### Data listing
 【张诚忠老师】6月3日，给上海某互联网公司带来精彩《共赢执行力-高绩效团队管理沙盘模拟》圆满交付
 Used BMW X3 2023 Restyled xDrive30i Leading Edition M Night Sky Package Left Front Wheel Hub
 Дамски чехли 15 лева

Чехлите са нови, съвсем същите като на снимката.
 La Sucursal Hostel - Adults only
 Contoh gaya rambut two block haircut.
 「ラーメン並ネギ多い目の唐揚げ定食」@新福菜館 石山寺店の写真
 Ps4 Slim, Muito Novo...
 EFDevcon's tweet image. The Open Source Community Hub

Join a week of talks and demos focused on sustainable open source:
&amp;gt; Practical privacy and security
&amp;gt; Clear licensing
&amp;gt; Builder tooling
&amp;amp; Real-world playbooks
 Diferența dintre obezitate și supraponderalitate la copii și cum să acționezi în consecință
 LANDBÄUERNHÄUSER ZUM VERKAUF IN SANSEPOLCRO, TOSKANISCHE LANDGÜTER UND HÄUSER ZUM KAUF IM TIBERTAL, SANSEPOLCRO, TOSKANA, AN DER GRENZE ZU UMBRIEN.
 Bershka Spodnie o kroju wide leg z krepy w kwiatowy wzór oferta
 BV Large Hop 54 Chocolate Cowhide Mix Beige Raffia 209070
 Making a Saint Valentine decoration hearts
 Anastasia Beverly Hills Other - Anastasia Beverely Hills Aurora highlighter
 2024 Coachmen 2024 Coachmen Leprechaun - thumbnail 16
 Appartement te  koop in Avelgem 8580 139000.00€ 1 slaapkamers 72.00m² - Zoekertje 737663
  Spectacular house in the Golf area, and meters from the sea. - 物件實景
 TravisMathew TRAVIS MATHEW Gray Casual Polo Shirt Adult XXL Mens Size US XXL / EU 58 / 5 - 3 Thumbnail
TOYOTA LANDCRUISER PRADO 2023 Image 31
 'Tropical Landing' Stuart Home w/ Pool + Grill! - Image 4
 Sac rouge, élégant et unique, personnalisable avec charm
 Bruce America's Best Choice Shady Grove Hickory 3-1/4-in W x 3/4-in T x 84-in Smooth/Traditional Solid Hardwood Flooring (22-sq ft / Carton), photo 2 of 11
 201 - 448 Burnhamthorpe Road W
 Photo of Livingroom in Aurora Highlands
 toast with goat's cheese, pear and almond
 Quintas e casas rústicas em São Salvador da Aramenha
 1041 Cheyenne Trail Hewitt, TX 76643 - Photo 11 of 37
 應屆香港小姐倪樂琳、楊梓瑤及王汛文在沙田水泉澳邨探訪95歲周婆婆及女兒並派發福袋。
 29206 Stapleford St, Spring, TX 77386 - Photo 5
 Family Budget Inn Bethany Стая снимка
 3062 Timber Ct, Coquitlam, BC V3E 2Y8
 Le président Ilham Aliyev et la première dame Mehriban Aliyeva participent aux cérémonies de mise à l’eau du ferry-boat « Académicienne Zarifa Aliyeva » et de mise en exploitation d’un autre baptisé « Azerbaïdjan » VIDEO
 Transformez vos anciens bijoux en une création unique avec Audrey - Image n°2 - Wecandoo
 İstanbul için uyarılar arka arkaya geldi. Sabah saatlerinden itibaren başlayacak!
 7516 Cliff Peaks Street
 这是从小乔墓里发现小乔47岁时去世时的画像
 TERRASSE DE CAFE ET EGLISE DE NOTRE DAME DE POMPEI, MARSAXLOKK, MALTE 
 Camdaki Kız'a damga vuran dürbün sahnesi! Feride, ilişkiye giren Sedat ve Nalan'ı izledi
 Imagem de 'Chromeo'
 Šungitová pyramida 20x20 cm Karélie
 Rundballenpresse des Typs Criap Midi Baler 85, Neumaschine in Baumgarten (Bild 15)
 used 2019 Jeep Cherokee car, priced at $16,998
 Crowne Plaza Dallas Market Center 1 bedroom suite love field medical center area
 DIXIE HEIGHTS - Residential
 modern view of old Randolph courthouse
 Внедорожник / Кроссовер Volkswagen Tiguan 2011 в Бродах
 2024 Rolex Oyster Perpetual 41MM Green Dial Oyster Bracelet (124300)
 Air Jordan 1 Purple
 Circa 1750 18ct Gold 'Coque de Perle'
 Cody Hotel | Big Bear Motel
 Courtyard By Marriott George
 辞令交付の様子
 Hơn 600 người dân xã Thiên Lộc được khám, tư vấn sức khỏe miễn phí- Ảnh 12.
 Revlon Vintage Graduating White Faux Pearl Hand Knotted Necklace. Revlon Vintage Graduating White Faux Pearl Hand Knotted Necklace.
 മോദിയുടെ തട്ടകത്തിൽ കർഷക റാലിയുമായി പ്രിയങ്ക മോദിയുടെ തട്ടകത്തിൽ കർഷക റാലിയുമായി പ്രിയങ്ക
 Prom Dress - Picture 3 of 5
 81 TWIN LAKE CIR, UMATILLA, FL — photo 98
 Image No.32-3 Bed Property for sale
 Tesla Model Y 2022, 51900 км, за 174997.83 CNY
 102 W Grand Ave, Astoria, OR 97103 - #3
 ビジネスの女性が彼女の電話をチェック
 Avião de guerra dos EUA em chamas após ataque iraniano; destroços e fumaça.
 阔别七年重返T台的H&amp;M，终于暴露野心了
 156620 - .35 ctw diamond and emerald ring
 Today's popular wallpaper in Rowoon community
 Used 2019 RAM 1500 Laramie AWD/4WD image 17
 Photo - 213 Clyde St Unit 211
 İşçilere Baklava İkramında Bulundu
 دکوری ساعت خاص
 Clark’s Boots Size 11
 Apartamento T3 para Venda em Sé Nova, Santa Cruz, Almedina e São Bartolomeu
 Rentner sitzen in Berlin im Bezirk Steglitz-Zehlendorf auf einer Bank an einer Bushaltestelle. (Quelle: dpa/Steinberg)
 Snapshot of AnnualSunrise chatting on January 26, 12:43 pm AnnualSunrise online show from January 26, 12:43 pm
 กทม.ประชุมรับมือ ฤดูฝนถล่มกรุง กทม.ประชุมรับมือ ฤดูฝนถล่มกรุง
######
Exercise
Keep both end lines and retype everything in the records above from the line containing "Imagem de 'Chromeo'" through the line containing "Crowne Plaza Dallas", exactly, with nothing else.

Response to the task
 Imagem de 'Chromeo'
 Šungitová pyramida 20x20 cm Karélie
 Rundballenpresse des Typs Criap Midi Baler 85, Neumaschine in Baumgarten (Bild 15)
 used 2019 Jeep Cherokee car, priced at $16,998
 Crowne Plaza Dallas Market Center 1 bedroom suite love field medical center area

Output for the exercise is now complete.